В той же палате лежит человек, интеллигентный, который хвастается тем, что ел все: кошек, собак, воробьев, ворон, галок… Искал крысу, но крысы к тому времени уже исчезли. Написал сейчас: «бежали с тонущего
корабля» и — зачеркнул. Нет, это несправедливо по отношению к нашему славному кораблю. Он не тонул. И не утонет.. . . . .
В декабре была ночь, когда на Каменный остров упало двадцать восемь бомб! Витя и Таня Пластинины болели тогда корью.
. . . . .
Впервые читаю — уже вторую неделю — Марселя Пруста. Как хорошо сказал о нем в предисловии А. В. Луначарский:
«…Прелесть и сущность его художественного акта есть воспоминание».
. . . . .
Витю Кафтанникова, когда он был маленький, пугали:
— Будешь шалить — отдам в сосисочную.
И он очень боялся, что из него сосиски сделают. А на днях говорит:
— Дурак я был, что боялся.
— Почему же дурак?
— А пусть бы отдали. Пока меня смололи бы, я бы сам успел наесться.
Спохватился, содрогнулся, добавил:
— А может, и убежал бы.
. . . . .
Все эти дни ходил и повторял: «Феоктистов». Что это мне напоминает? И вспомнил.
В годы далекой юности моей, когда я работал на кухне ресторана «Ново-Александровск», нашим шефом, главным поваром, был Иван Феоктистович. Другого повара звали Иван Мартыныч.
Иван Феоктистович был, что называется, прямой противоположностью того ходячего представления о поварах, которое складывается у нас с детства: розовощекий веселый толстяк в белом колпаке — такими изображали их на банках с какао, на журнальных карикатурах…
Иван Феоктистович был сухощавый, даже со слегка провалившимися щеками, высокий, характером был меланхолик. Почти ничего не ел. Когда не работал, сидел у открытого окна кухни и пил вприкуску чай.
Глаза полузакрыты. Голос сонный.
В конце двадцатых годов я встретил Ивана Феоктистовича на Вознесенском.
— Что, Ленька, — сказал он, пожимая мне руку, — говорят, ты писателем заделался, книжки пишешь?
— Да, Иван Феоктистович. Пишу.
Он поморщился, покачал головой.
— Напрасно.
Я оробел.
— А почему напрасно?
— Из тебя, ты знаешь, ха-роший бы повар вышел. Честное слово. Правду говорю.
Кто знает, может быть, и прав был Иван Феоктистович.
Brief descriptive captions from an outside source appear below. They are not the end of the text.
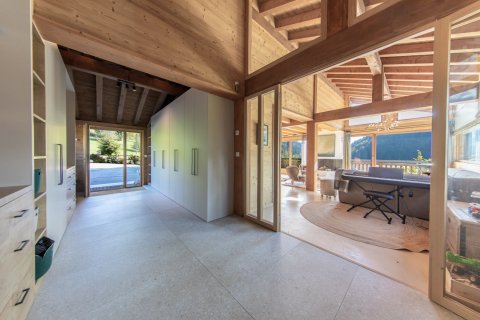 Дом с 5 спальнями в Les Gets, Франция №99974 10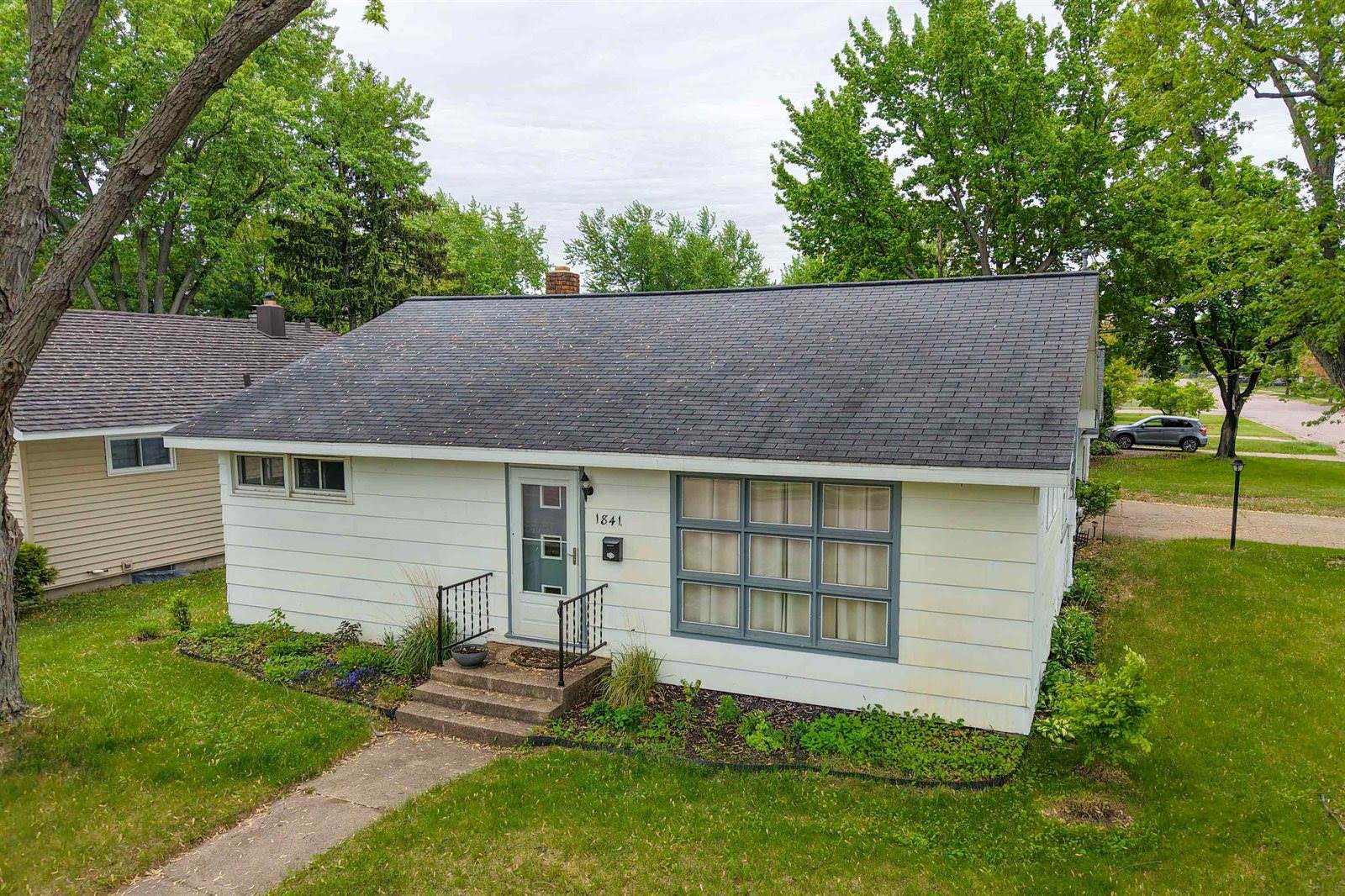 1841 Chestnut Street, Wisconsin Rapids, WI 54494
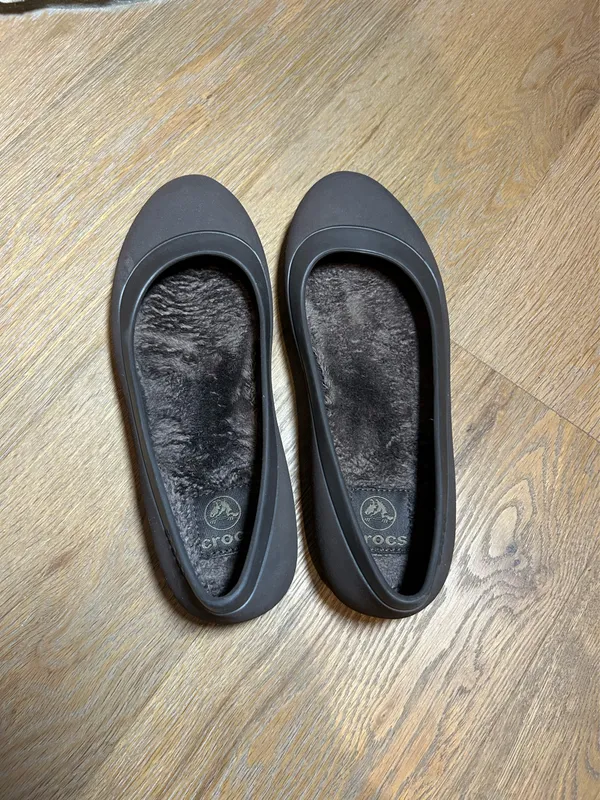 Crocs flat slip-on shoes size 7.5/8 - Image 4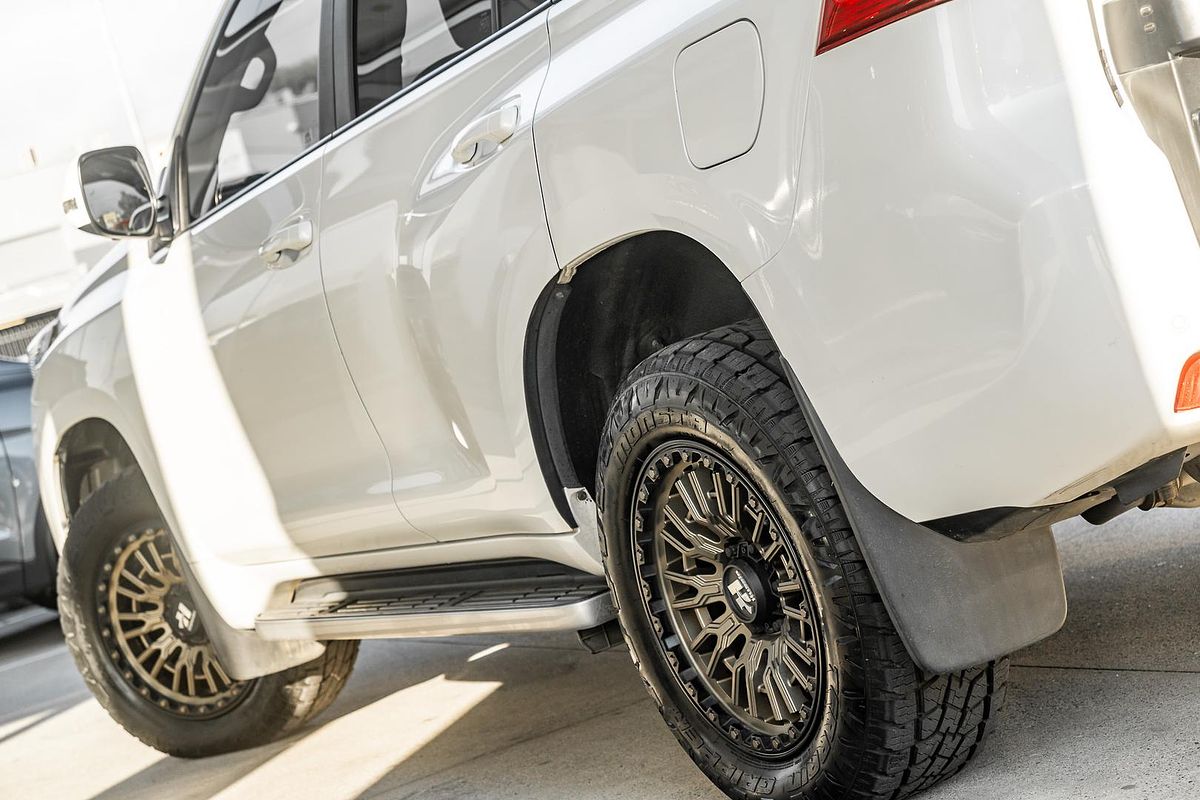2017 Toyota Landcruiser Prado Kakadu GDJ150R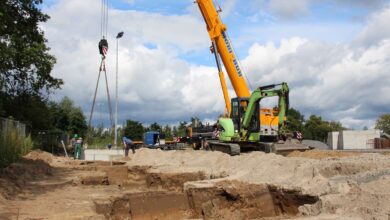 Neuer Kunstrasenplatz: In Bernau - Rehberge wird geklotzt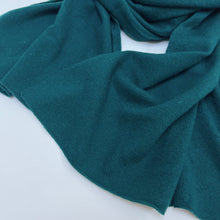 Load image into Gallery viewer, Cashmere | Shawl in Peacock
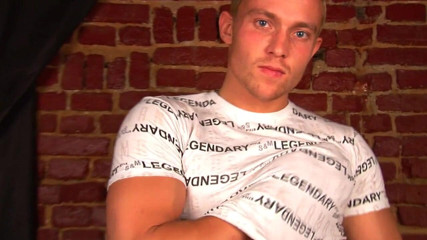 Jerking studs: Max makes his uncut cock hard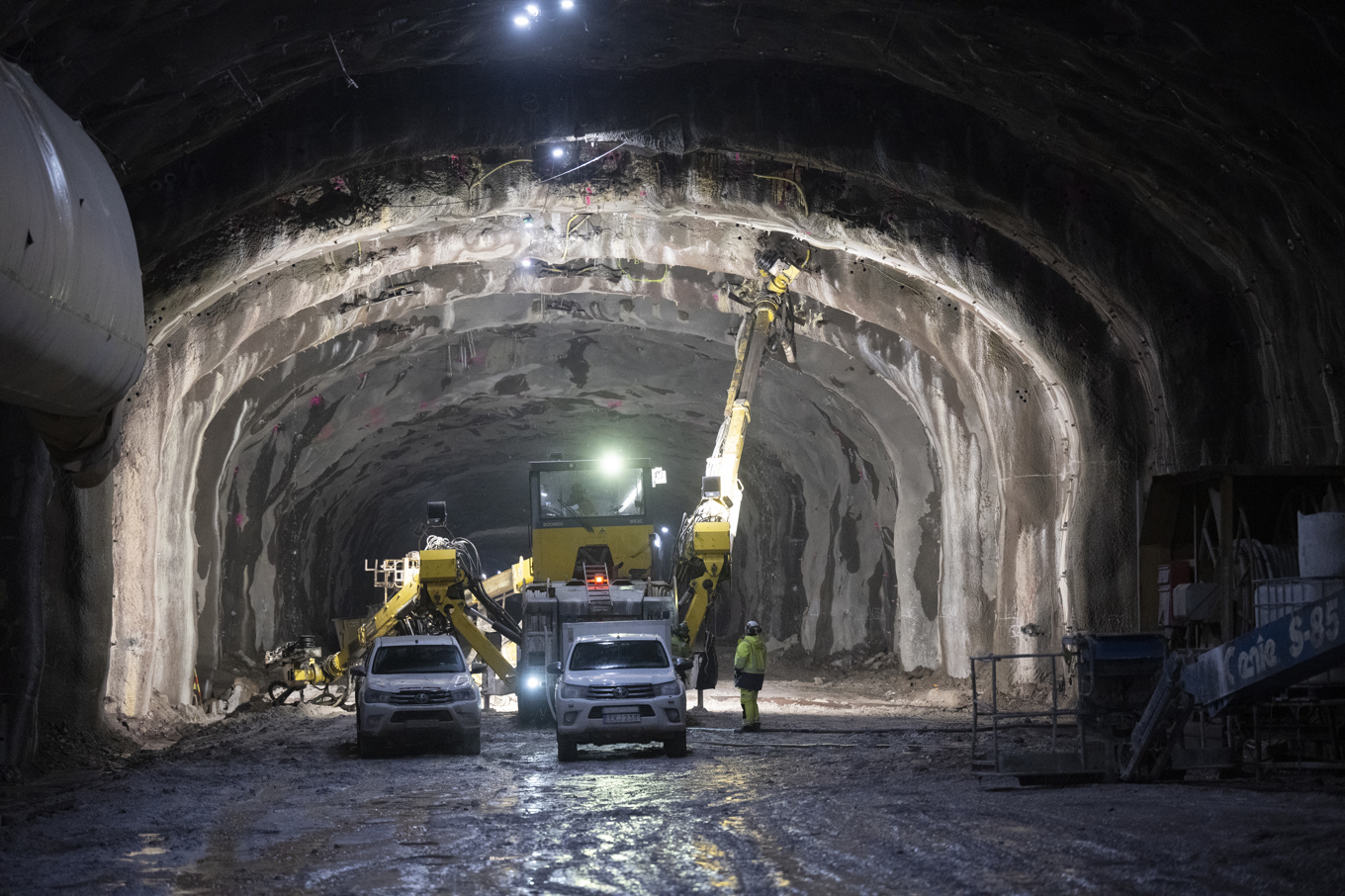 Byggandet av Förbifart Stockholm pågår fortfarande och beräknas vara helt klar 2030. Bilden är från oktober 2023. Foto: Fredrik Sandberg/TT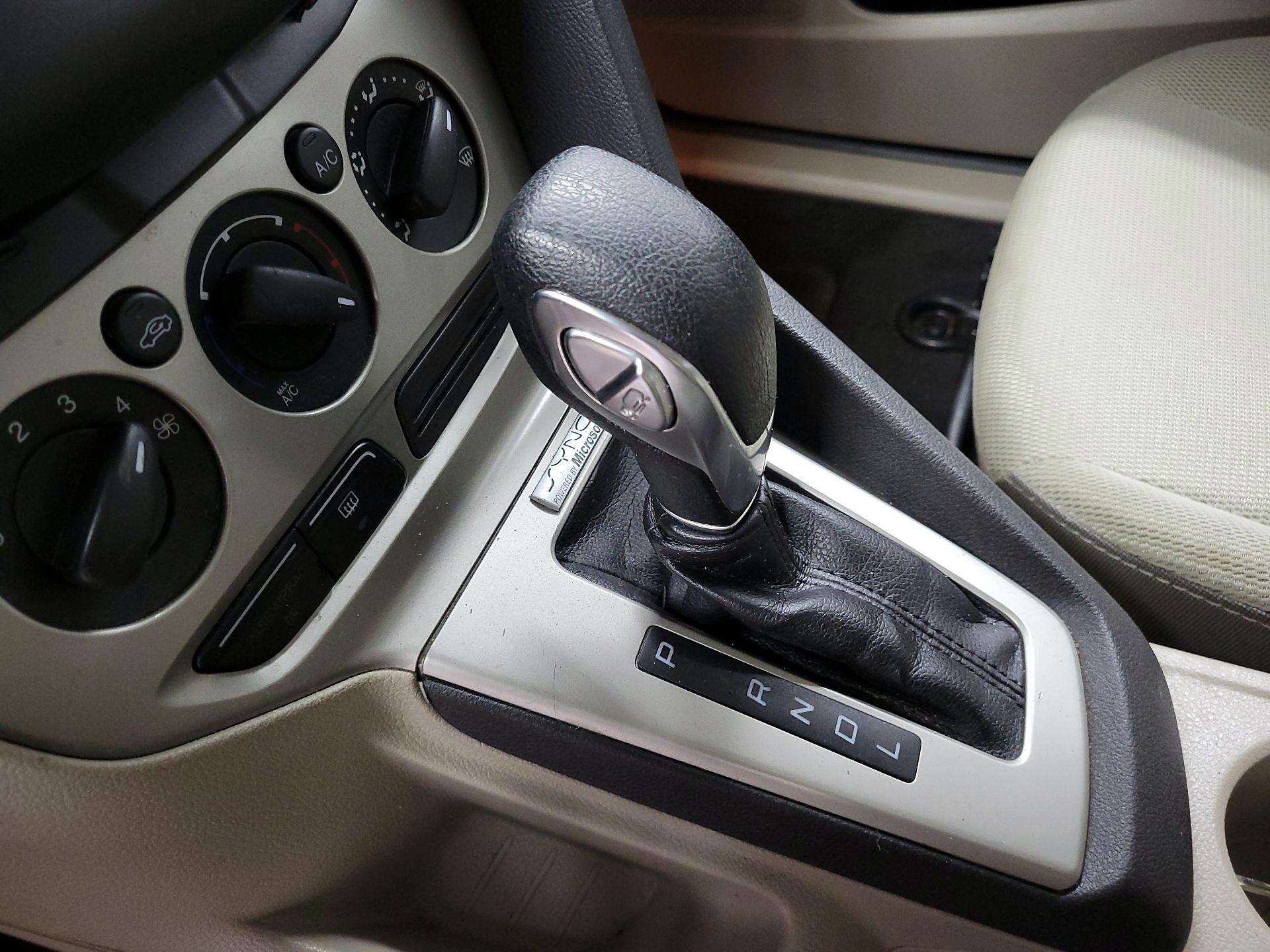 Thumbnail: 2014 Ford Focus - 16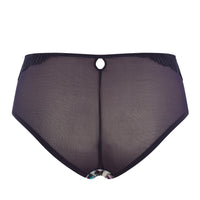 all figure: sculptresse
А другой повар — Иван Мартынович — невысокий крепыш, черноволосый, ловкий и шустрый, балагур и просмешник — чем-то похож был на итальянца. Этакий ярославский Фигаро в белоснежном колпаке.
. . . . .
К. сказала мне, что получила на днях бандероль — рукописи Елены Яковлевны Данько * . Их прислал в Союз писателей начальник какой-то маленькой железнодорожной станции в Сибири, где скончалась от дистрофии Елена Яковлевна. Там же, кажется, умерла и сестра ее Наталья Яковлевна.
Вчера я попробовал писать о сестрах Данько, о моих встречах с ними в довоенном Петергофе. И о своем петергофском детстве.
. . . . .
Много я видел горького, и страшного, и жестокого за этот год. Сердце, казалось бы, должно было очерстветь, охладеть, ожесточиться. Но нет — не черствеет, не теряет способности сжиматься больно.
Вчера ночью осколок немецкого снаряда убил дядю Мартина — мужа Нины Васильевны. Его я никогда не видел (только на фотографии), с нею почти не знаком — она живет не здесь, а на Литейном. Мартин Иванович дежурил ночью у ворот завода, снаряд разорвался в двух шагах от него.